Truro-based guitarist and composer Amy Brandon is a quietly singular figure whose musical language hovers softly between numerous familiar styles—notably outside jazz, fingerstyle, and modern composition. Scavenger, her debut recording, isn’t especially conspicuous, yet it’s nearly impossible to think of any cohabitants of her very particular universe.
 
While nylon-string guitar is unquestionably in the foreground on the disc, much of it is also underpinned by a dark smear of guitar-derived electronics. These soft, quivering nocturnal contours offer gentle textural friction and cast a bold tonal shadow, providing the perfect counterpoint for her dense guitar murmurings.

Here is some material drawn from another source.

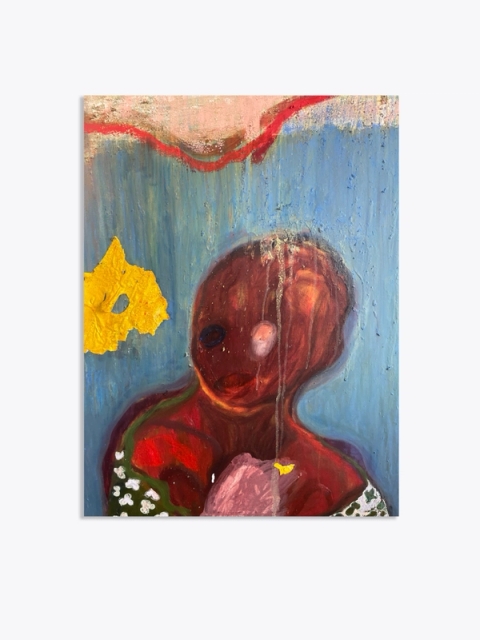 Mostaff Muchawaya - Tsitsi, 2023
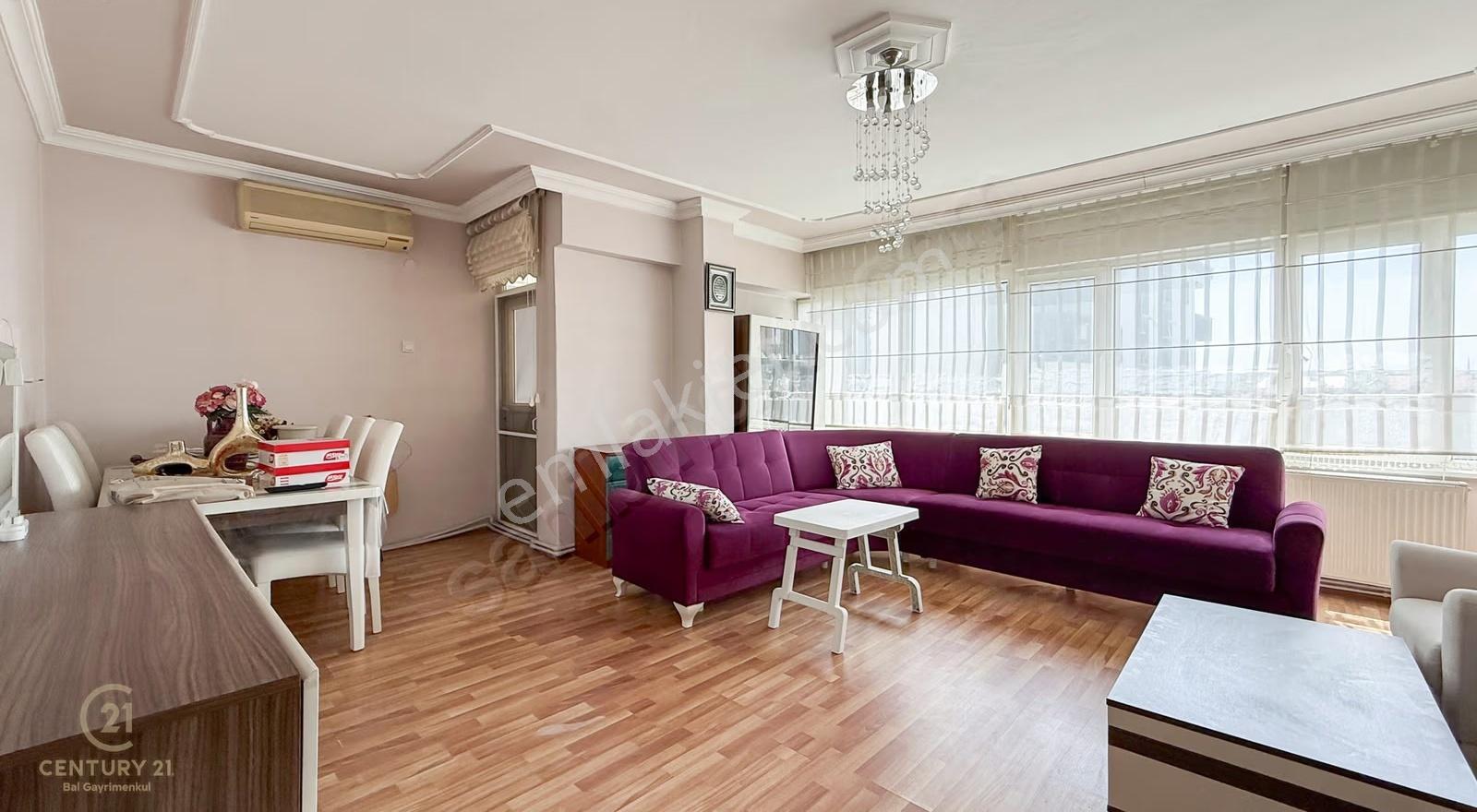 Century21 Bal'dan Eski Bandırma Cd. Üzerinde Daire - Görsel 16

Where many guitarists—even other quiet ones—play in a manner that asserts a driving directionality, Brandon’s phrasing is as nimble as it is Delphic, tracing uneven coils that swiftly fall inward. There may often be, thanks to the aforementioned electronics, a consistent tonic—a quality that lends the music its vague folk tenor; but otherwise, the harmonic fabric is peculiar, skillfully woven from disparate stray fibres.
 
At points, Brandon shares the aural scene with collaborators. The fleeting appearance by vocalist Laura Swankey on “Stella,” midway through the record, offers a beautifully surreal mirage—one that only furthers the music’s strange ethereality. The other guests—two very competent guitarists—exert a pull toward more conventional territory, which only sets Brandon’s singular vision in sharp relief. Scavenger is strongest and most magical when Brandon’s enigmatic personality comes through without any adulteration.
 
Even with its diversions, Brandon’s hypnotic music is successful in establishing a clear sense of place. It’s not the sort of music that bludgeons the listener with token displays of virtuosity or modernity. Instead, it disorients its audience, surreptitiously enveloping the listener in rich, unfamiliar surroundings.